Now, we evaluate the best_rf_model on our completely unseen test set. This gives us the most realistic estimate of its real-world performance.

In [None]:
print("\n--- 5. Model Evaluation on Unseen Test Set ---")

# Predictions on the test set
y_pred_rf = best_rf_model.predict(X_test_scaled)
y_pred_proba_rf = best_rf_model.predict_proba(X_test_scaled)[:, 1] # Probabilities for the positive class (flood)

print("\n--- Classification Report (Random Forest) ---")
print(classification_report(y_test, y_pred_rf))

print("\n--- Confusion Matrix (Random Forest) ---")
cm_rf = confusion_matrix(y_test, y_pred_rf)
print(cm_rf)

plt.figure(figsize=(6, 5))
sns.heatmap(cm_rf, annot=True, fmt='d', cmap='Blues',
            xticklabels=['Predicted No Flood', 'Predicted Flood'],
            yticklabels=['Actual No Flood', 'Actual Flood'])
plt.title('Confusion Matrix (Random Forest)')
plt.ylabel('Actual Label')
plt.xlabel('Predicted Label')
plt.show()
plt.savefig('../reports/figures/rf_confusion_matrix.png')


print(f"\nROC AUC Score (Random Forest): {roc_auc_score(y_test, y_pred_proba_rf):.4f}")

# Precision-Recall Curve (Crucial for Imbalanced Data)
precision_rf, recall_rf, _ = precision_recall_curve(y_test, y_pred_proba_rf)
pr_auc_rf = auc(recall_rf, precision_rf)
print(f"Precision-Recall AUC (Random Forest): {pr_auc_rf:.4f}")

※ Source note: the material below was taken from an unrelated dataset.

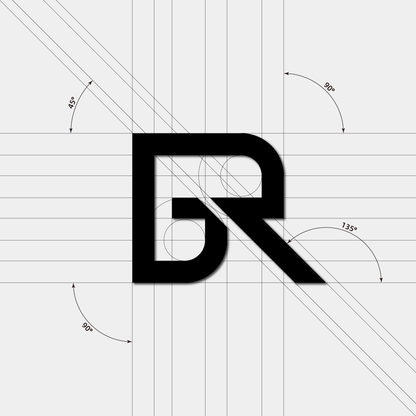 With 16 years of brand design experience, 100% original design, and design until you are satisfied.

plt.figure(figsize=(8, 6))
plt.plot(recall_rf, precision_rf, label=f'Precision-Recall curve (AUC = {pr_auc_rf:.2f})')
plt.xlabel('Recall')
plt.ylabel('Precision')
plt.title('Precision-Recall Curve (Random Forest)')
plt.legend(loc='lower left')
plt.grid(True)
plt.show()
plt.savefig('../reports/figures/rf_pr_curve.png')

# Plot ROC Curve
RocCurveDisplay.from_estimator(best_rf_model, X_test_scaled, y_test, name='Random Forest')
plt.title('ROC Curve (Random Forest)')
plt.grid(True)
plt.show()
plt.savefig('../reports/figures/rf_roc_curve.png')

# Feature Importance
if hasattr(best_rf_model, 'feature_importances_'):
    importances_rf = best_rf_model.feature_importances_
    feature_names = X_train.columns
    sorted_indices_rf = np.argsort(importances_rf)[::-1]

    plt.figure(figsize=(10, 6))
    sns.barplot(x=importances_rf[sorted_indices_rf], y=feature_names[sorted_indices_rf])
    plt.title("Feature Importances (Random Forest)")
    plt.xlabel("Importance")
    plt.ylabel("Feature")
    plt.tight_layout()
    plt.show()
    plt.savefig('../reports/figures/rf_feature_importance.png')

    print("\nTop 5 Most Important Features (Random Forest):")
    for i in sorted_indices_rf[:5]:
        print(f"- {feature_names[i]}: {importances_rf[i]:.4f}")

### 6. Summary and Next Steps

This notebook provided a comprehensive workflow for training and evaluating a flood prediction model. We performed a time-series split, scaled features, tuned a Random Forest Classifier, and thoroughly evaluated its performance using relevant metrics like Recall and PR AUC.

### Key Learnings from this Notebook:

- How well the model performed on the unseen test set (check the confusion matrix and classification report).
- Which features were most important according to the model.
- The trade-offs between precision and recall shown by the PR curve.
### Next Steps:

- If performance is not satisfactory, consider experimenting with other models (e.g., Gradient Boosting like XGBoost/LightGBM, Logistic Regression as a baseline).
- Refine feature engineering further based on model performance and feature importances.
- Discuss the results with domain experts to validate findings and understand actionable insights.
- Move the finalized model training and evaluation logic into reusable scripts in the src/ directory for production.